El Papa comenta que, en el Calvario, se enfrentan dos mentalidades. Las palabras de Jesús crucificado se contraponen a las palabras de los que lo crucifican (jefes, soldados, malhechores) “¡Sálvate a ti mismo!”, (v. 39).
Jesús toma la palabra tres veces en el Calvario (cf. vv. 34.43.46), pero ni siquiera se defiende. Reza al Padre y ofrece misericordia al buen ladrón. «Padre, perdónalos, porque no saben lo que hacen» (v. 34). Pide perdón, por los que lo están traspasando, no reprocha a sus verdugos, ni amenaza con castigos. Durante las horas que estuvo en la cruz, tuvo estas palabras en los labios y en el corazón. Clavado, en el patíbulo de la humillación, aumentó la intensidad del perdón. Dios, nunca se cansa de perdonar, somos nosotros los que nos cansamos de pedirle perdón.
Contemplemos al Crucificado, el perdón brota de sus llagas, de esas heridas dolorosas que le provocan nuestros clavos. Contemplemos a Jesús en la cruz y pensemos que nunca hemos recibido palabras más bondadosas: Padre, perdónalos; ni recibido una mirada más tierna ni compasiva, ni recibido un abrazo más amoroso. Contemplemos al Crucificado y digamos: “Gracias, Jesús, me amas y me perdonas, siempre, aun cuando, a mí, me cuesta amarme y perdonarme”.
Allí, mientras es crucificado, Jesús vive su mandamiento más difícil: el amor por los enemigos.
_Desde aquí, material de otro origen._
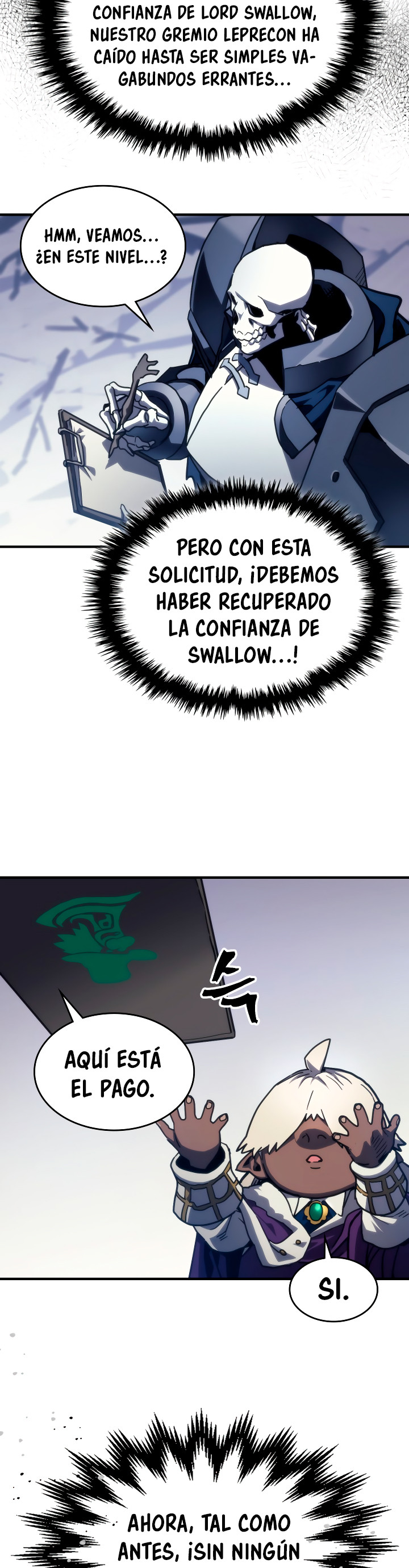 Actuando como un jefe final pero soy demasiado vago para ello - Capítulo 106 - Página 9 - LectorTMOo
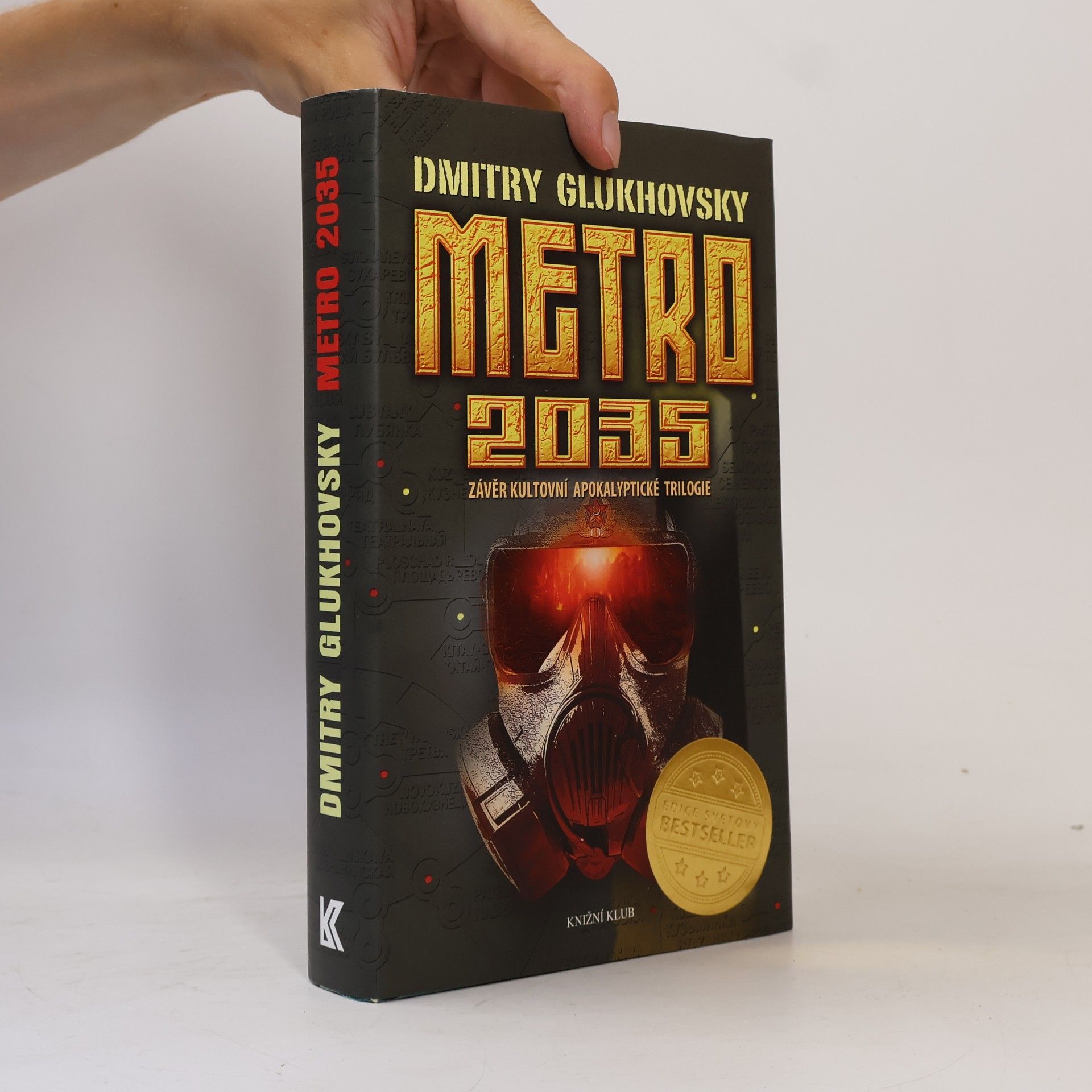 Dmitry Glukhovsky Metro 2035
El amor de Jesús es para todos sus hijos amados, no nos separa en buenos y malos, en amigos y enemigos: “Traigan a todos, blancos, negros, buenos y malos; a todos, sanos, enfermos; a todos…” (cf Mt 22,9-10). Nosotros, ¡cuánto tiempo perdemos pensando en quienes nos han hecho daño!
El Señor nos pide que respondamos, como Él lo hace, que rompamos la cadena del “te quiero, si tú me quieres; soy tu amigo, si eres mi amigo; te ayudo, si me ayudas”.
Cuando se usa la violencia, ya no se sabe nada de Dios, que es Padre, ni de los demás, que son hermanos. Se nos olvida por qué estamos en el mundo y llegamos a cometer crueldades absurdas… la locura de la guerra, donde se vuelve a crucificar a Cristo; en las madres que lloran la muerte injusta de los maridos y de los hijos; en los refugiados que huyen de las bombas con los niños en brazos; en los ancianos que son abandonados a la muerte; en los jóvenes privados de futuro; en los soldados enviados a matar a sus hermanos. Cristo es crucificado allí, hoy.
Al finalizar, Francisco señala que, con Dios, siempre se puede volver a vivir. Ánimo, caminemos hacia la Pascua con su perdón. Porque Cristo intercede continuamente ante el Padre por nosotros (cf. Hb 7,25) y, mirando nuestro mundo violento, nuestro mundo herido, no se cansa nunca de repetir ― y nosotros lo haremos con el corazón, en silencio: Padre, perdónalos, porque no saben lo que hacen.